Listed records.
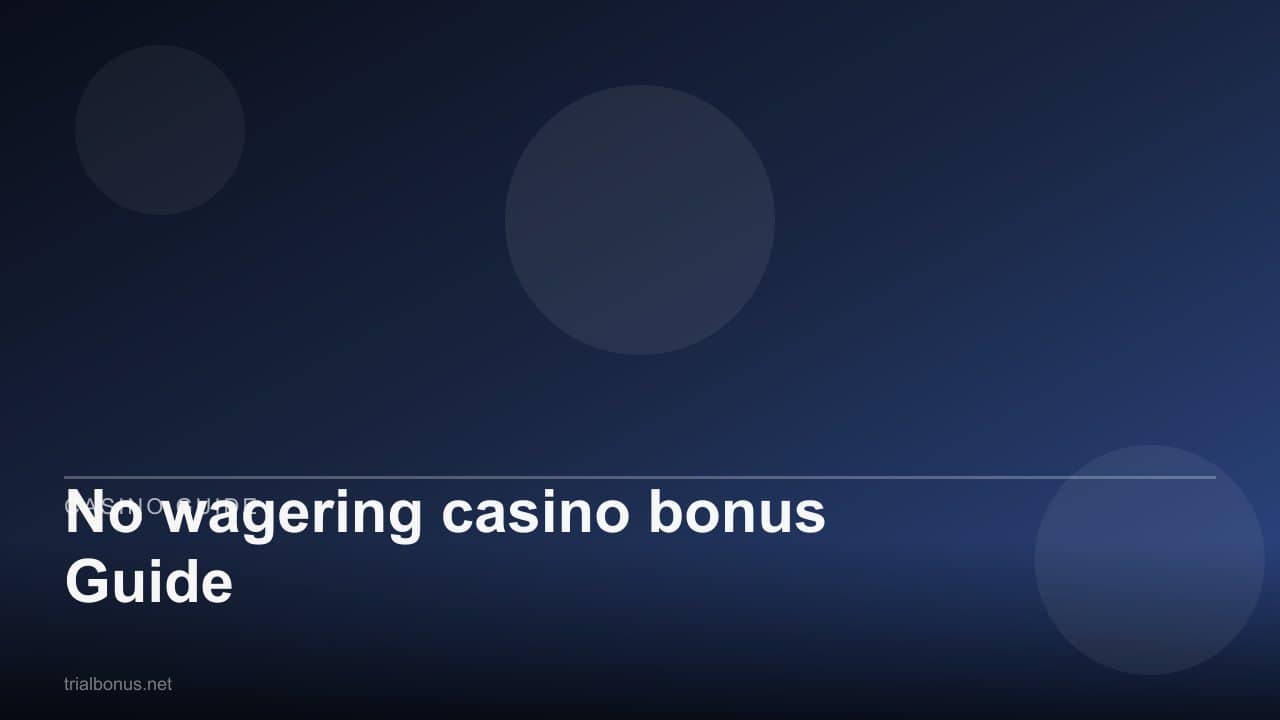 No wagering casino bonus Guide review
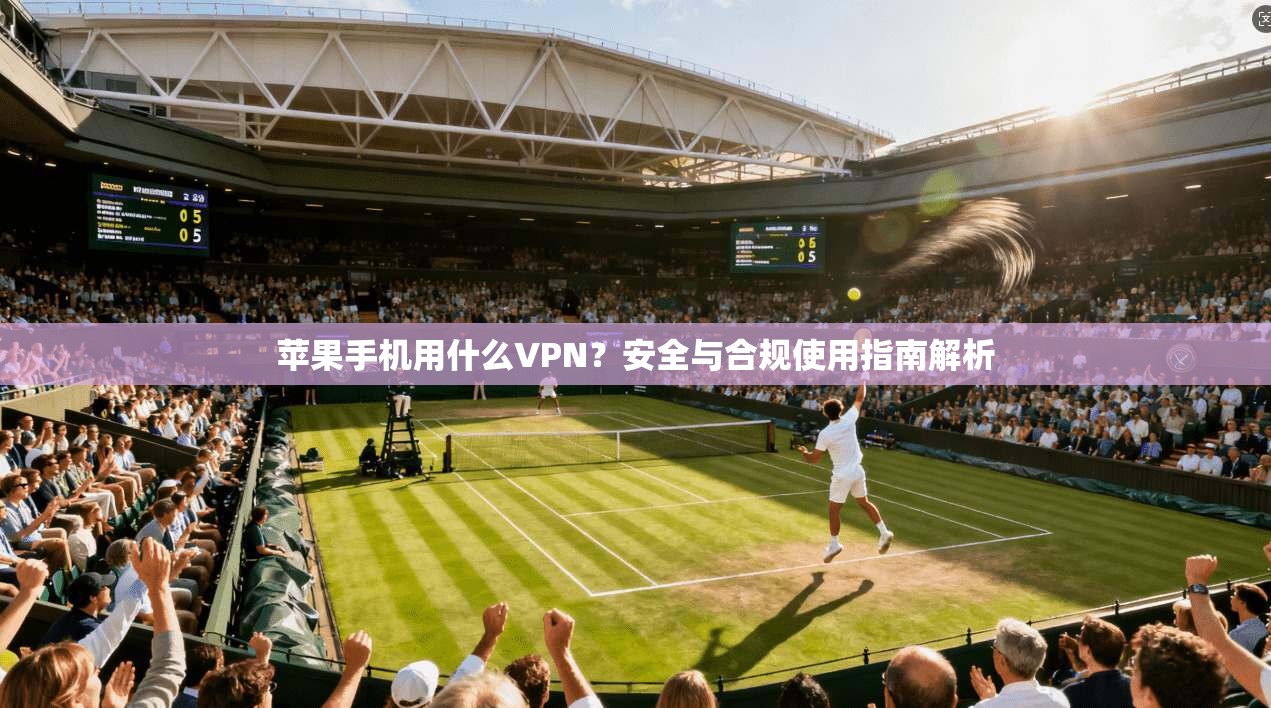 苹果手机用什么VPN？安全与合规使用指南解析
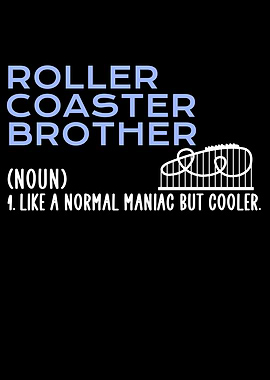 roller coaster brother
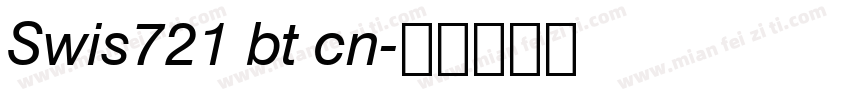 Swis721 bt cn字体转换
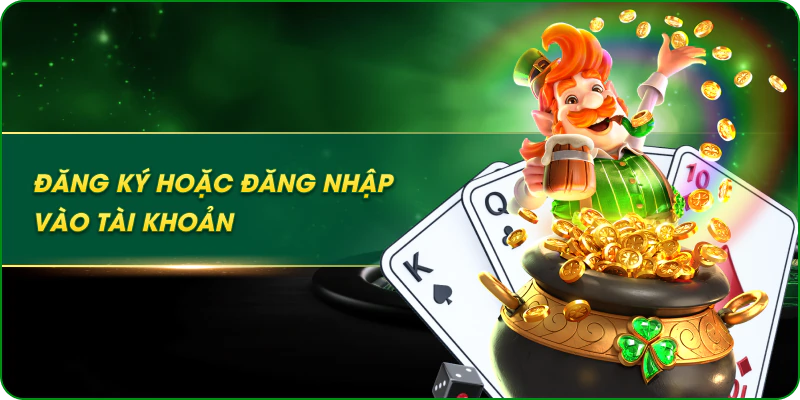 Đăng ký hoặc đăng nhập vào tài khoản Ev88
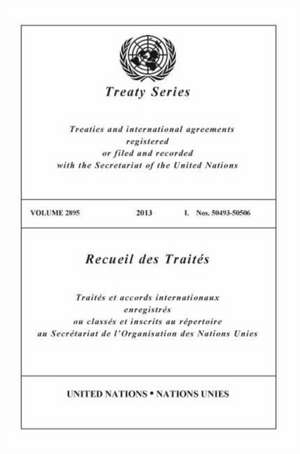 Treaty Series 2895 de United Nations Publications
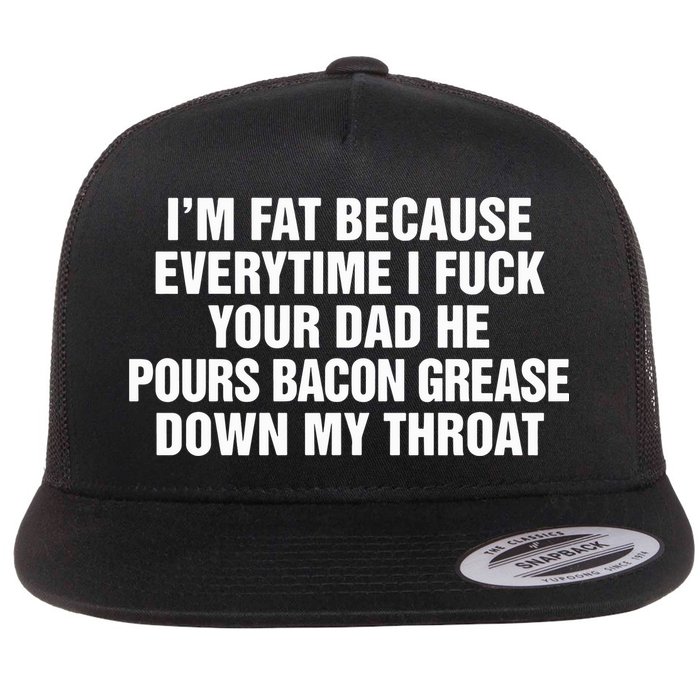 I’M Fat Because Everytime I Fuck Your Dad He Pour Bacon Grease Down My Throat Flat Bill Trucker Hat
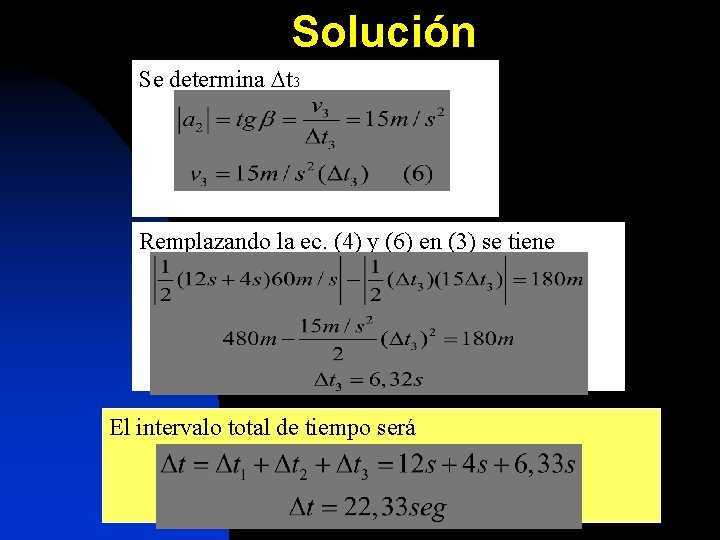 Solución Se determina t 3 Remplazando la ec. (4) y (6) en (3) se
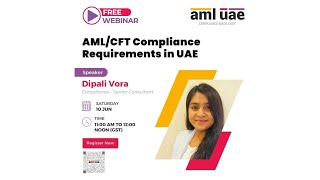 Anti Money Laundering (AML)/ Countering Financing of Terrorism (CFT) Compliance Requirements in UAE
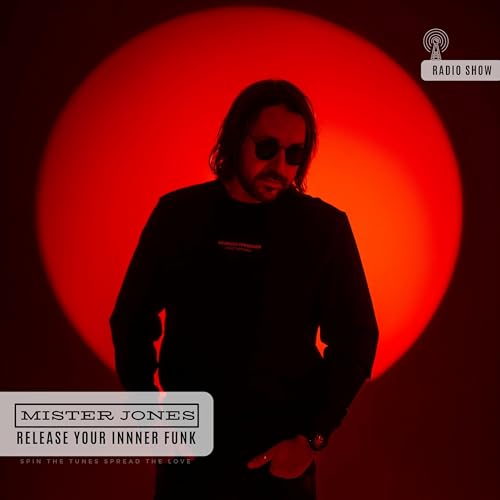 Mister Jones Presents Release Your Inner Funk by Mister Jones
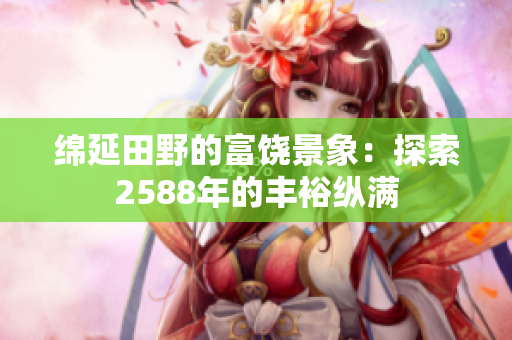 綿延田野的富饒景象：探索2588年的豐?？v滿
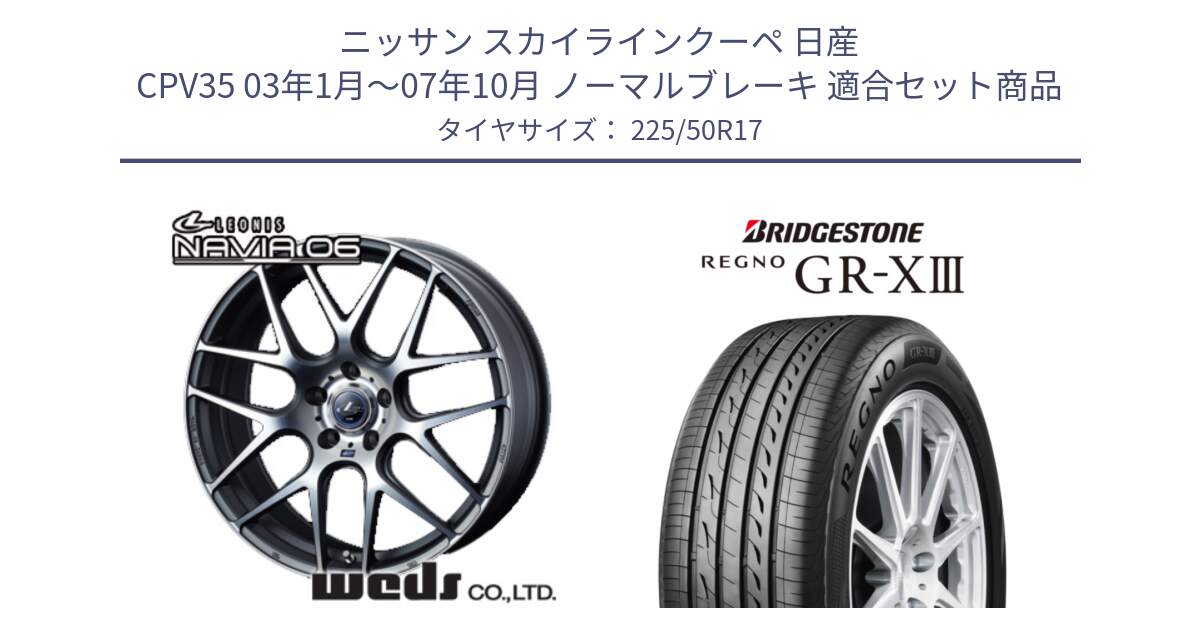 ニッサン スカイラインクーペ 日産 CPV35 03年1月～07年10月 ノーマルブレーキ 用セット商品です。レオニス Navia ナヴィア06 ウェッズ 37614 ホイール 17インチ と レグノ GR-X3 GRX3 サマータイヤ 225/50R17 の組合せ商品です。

What to produce.
In the copy, include no pictures; transcribe every record above verbatim.

Exercise answer.
 No wagering casino bonus Guide review
 苹果手机用什么VPN？安全与合规使用指南解析
 roller coaster brother
 Swis721 bt cn字体转换
 Đăng ký hoặc đăng nhập vào tài khoản Ev88
 Treaty Series 2895 de United Nations Publications
 I’M Fat Because Everytime I Fuck Your Dad He Pour Bacon Grease Down My Throat Flat Bill Trucker Hat
 Solución Se determina t 3 Remplazando la ec. (4) y (6) en (3) se
 Anti Money Laundering (AML)/ Countering Financing of Terrorism (CFT) Compliance Requirements in UAE
 Mister Jones Presents Release Your Inner Funk by Mister Jones
 綿延田野的富饒景象：探索2588年的豐?？v滿
 ニッサン スカイラインクーペ 日産 CPV35 03年1月～07年10月 ノーマルブレーキ 用セット商品です。レオニス Navia ナヴィア06 ウェッズ 37614 ホイール 17インチ と レグノ GR-X3 GRX3 サマータイヤ 225/50R17 の組合せ商品です。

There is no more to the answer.